[Crawled caption data]
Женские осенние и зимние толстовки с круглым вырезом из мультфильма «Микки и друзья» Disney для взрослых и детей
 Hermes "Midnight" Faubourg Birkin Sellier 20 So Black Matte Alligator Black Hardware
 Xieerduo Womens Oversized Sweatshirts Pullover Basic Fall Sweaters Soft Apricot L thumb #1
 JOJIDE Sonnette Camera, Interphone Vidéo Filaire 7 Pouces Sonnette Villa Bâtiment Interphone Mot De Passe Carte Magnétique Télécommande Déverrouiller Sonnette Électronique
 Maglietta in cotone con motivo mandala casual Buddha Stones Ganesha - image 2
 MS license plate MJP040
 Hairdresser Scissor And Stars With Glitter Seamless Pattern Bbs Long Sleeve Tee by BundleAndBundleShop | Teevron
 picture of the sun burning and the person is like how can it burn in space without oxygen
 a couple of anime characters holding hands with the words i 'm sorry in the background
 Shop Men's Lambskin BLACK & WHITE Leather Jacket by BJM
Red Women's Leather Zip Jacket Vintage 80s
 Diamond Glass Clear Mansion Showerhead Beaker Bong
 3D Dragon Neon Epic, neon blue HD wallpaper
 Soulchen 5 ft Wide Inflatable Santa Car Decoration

**EXERCISE INSTRUCTIONS**
Search the data above for the word "Leather", then gather each line in which it appears.

**EXERCISE SOLUTION**
 Shop Men's Lambskin BLACK & WHITE Leather Jacket by BJM
Red Women's Leather Zip Jacket Vintage 80s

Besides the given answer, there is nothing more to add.